Tonight he came in and asked me set his alarm on his phone. So I did but I checked his calls/texts (because of my feeling...and history). All incoming texts deleted. But like the other times he never covered his tracks - he had outgoing texts to a woman. The caller ID he had labelled "R's Cell" because R is his coworker. But the texts were about six, all during work hours this morning about 9:30-10am. "Thinking about u girl"... "Thinking hard about u"... "I wish I knew where you eat your lunch. I would have joined u"..."When that moment finally arrives " ... "Girlfriend. Never been married. And you?" ... "My only child is two and a half. Believe me, i need a discreet friend, too!"

(And I forwarded all these to myself. That's how I'm quoting them now).

I confronted him about who it was. First he denied, then he tried to grab the phone from me. He got it, then went off on me about this and that (he was tipsy I think when he came in... so he wasn't making a lot of sense here). He put the phone down and walked off. So I picked it up, called the number. A woman answered, with little children in the background. It's about 10pm. I asked her who she was, then asked her if she knew ***. I identified who I was by my relation to him and our kids, and she said she didn't really know ***, just worked with him. I told her I read their texts and she mumbled it wouldn't happen again and hung up.

For the next hour *** and I were basically arguing. I was crying and felt so betrayed. He went from apologizing to listing all the things I do/did wrong in our relationship. Again, he was tipsy, but also had worked long hours (leaving home at 6:30 am) so really all of it was useless. I was demanding answers and he was practically incoherent. At the end he tried to get me to come to bed to have sex!!! Then got mad when I refused and went and passed out on the bed himself.

I just don't know what to do. I believe he loves me in his own way. I don't know when or how the relation with the coworker started. I'm scared that they work together still. I can't ask him to quit or anything... we really, really, really need this income right about now. And it took him maybe six months to find work again after being laid off from his last job. (Which btw is where he had met woman #2 who he was calling ... and I called her too and she told me she thought he just had a "room mate" according to him). Before he fell asleep he apologized and was crying. He also went and kissed our kids and apologized to me again and said he loves me. I asked him about him getting counseling and he said yes but then asks me what am I going to do (i.e. I need to promise something in return?) 

I just heard him call out my name from our bedroom, but I think he went back to sleep.

I'm sorry this is SOOO long  I see so many stories on here and I know I'm just another one. I'm so depressed. I don't want to leave him. I still love him. I feel somewhere between heartache, headache & just kind of feeling nothing. I don't feel devastated right now I just feel like tired and no emotion. I hope it doesn't come across as me not caring.

My main concern when I logged on was, I really need advice on what to do now?? WE live in a small home with our kids, do I not sleep with him until we reach some kind of agreement or something?
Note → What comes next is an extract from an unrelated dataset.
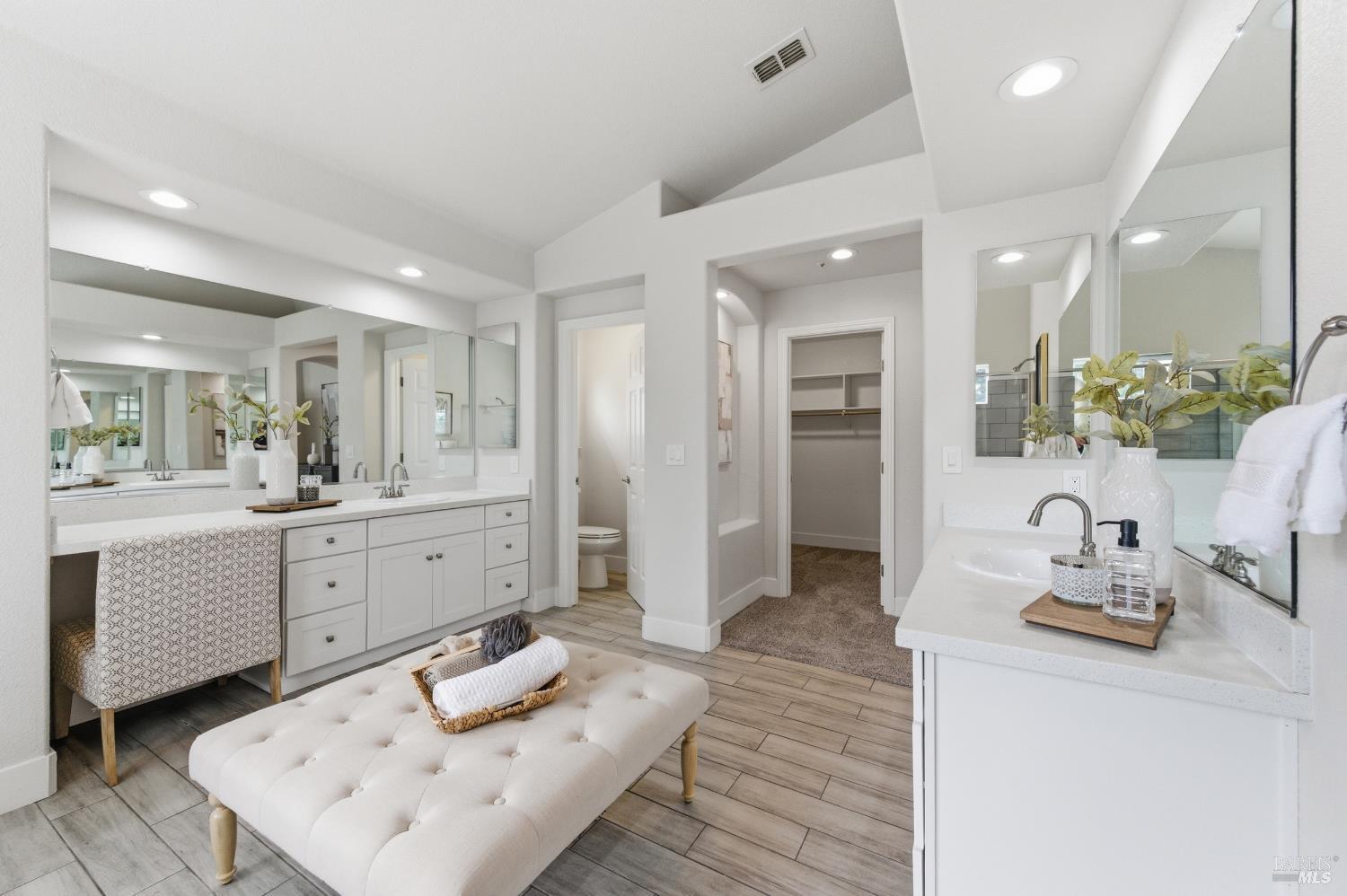 Detail Gallery Image 33 of 51 For 5226 Pavilion Ct, Fairfield,  CA 94534 - 5 Beds | 3/1 Baths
Wouldn't that push him to the other woman? Note when things are good, we usually have sex at least once a day. Do I sleep with him and carry on as normal, making his lunch/morning coffee as I took it on myself to do usually, all while talking and working things out?? Or do I drop those things and let him handle it himself?? I don't want to be a pushover or let him feel like it's ok. But I also don't want to cut off love and have him feel more pull toward someone else. I don't want to threaten and drive him away, I don't really want to leave or make him leave, but I DON'T WANT HIM TO DO IT AGAIN!!!!!!! 

I'm going insane with this man. I've always been a "hopeless romantic" but this relationship is slowly chipping away at my belief in a faithful true love & in myself. I'm so tired of giving my all to this man and having this thing happen.


----------



## OldWolf57 (Mar 20, 2012)

Lil sister, I'm sorry you are here, but you are in the right place.

For now carry on with the day to day stuff, but get into MC as soon as possible. 

You two need two sit down and have a long talk while he is not tipsy. He has a habit of chasing women who work with him.


----------



## gingerlily (Aug 29, 2012)

Thanks so much for your reply. It means a lot just to know someone out there heard me. I'm scared about that habit..



OldWolf57 said:


> Lil sister, I'm sorry you are here, but you are in the right place.
> 
> For now carry on with the day to day stuff, but get into MC as soon as possible.
> 
> You two need two sit down and have a long talk while he is not tipsy. He has a habit of chasing women who work with him.


----------



## usman (Aug 29, 2012)

gingerlily said:


> I'm going insane with this man. I've always been a "hopeless romantic" but this relationship is slowly chipping away at my belief in a faithful true love & in myself. I'm so tired of giving my all to this man and having this thing happen.


There is nothing to worry about. You two need to just sit and talk. Try to find out things that are lacking in your relationship. Try to be more supportive and caring towards each other. If possible take a holiday, spend a day with each other, just talk and discuss. Make list of Do's and dont's. For any advice pm me or contact me.


----------



## gingerlily (Aug 29, 2012)

Please, does anyone else have any advice or ideas? I'm lost about where to go next... 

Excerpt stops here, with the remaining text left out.